◆ **Exercise**:
The answer should hold only the lines from the one containing "w sklepie Wasserman.eu" through the one containing "MLB × Vintage" in the entries below, copied exactly, without pictures.

◆ **Records to process**:
★ ★ ★ ★ ★
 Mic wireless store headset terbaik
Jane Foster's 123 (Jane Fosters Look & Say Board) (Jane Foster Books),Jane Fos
★ ★ ★ ★ ★
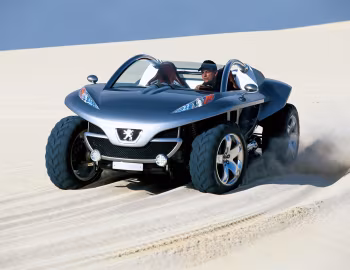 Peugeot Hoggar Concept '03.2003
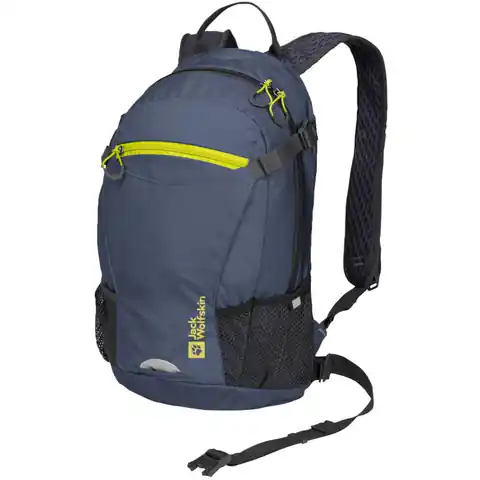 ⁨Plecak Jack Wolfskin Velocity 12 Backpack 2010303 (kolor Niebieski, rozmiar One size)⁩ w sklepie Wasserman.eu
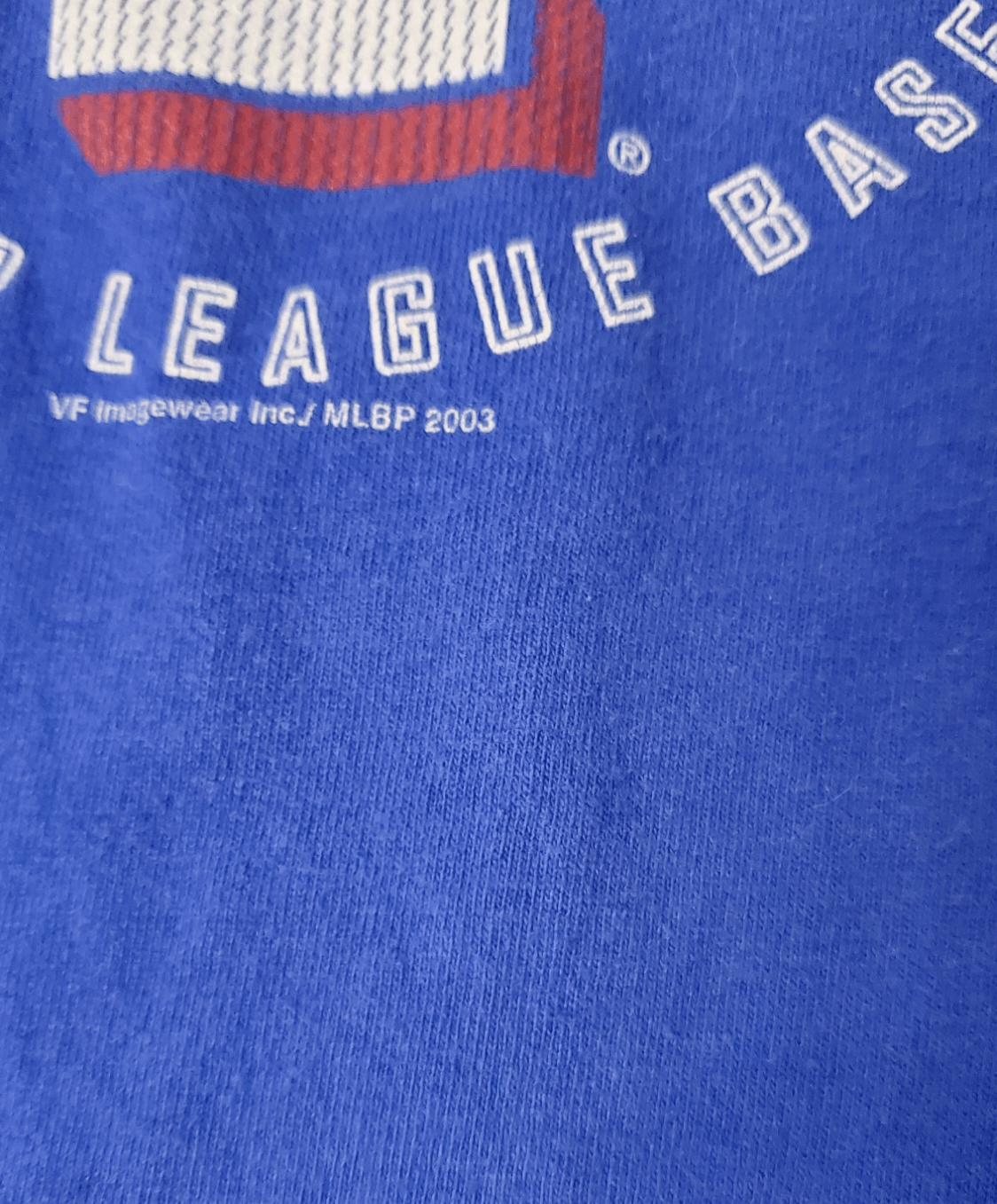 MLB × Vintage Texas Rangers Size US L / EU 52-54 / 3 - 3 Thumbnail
★ ★ ★ ★ ★
◆ **Completed exercise**:
 ⁨Plecak Jack Wolfskin Velocity 12 Backpack 2010303 (kolor Niebieski, rozmiar One size)⁩ w sklepie Wasserman.eu
 MLB × Vintage Texas Rangers Size US L / EU 52-54 / 3 - 3 Thumbnail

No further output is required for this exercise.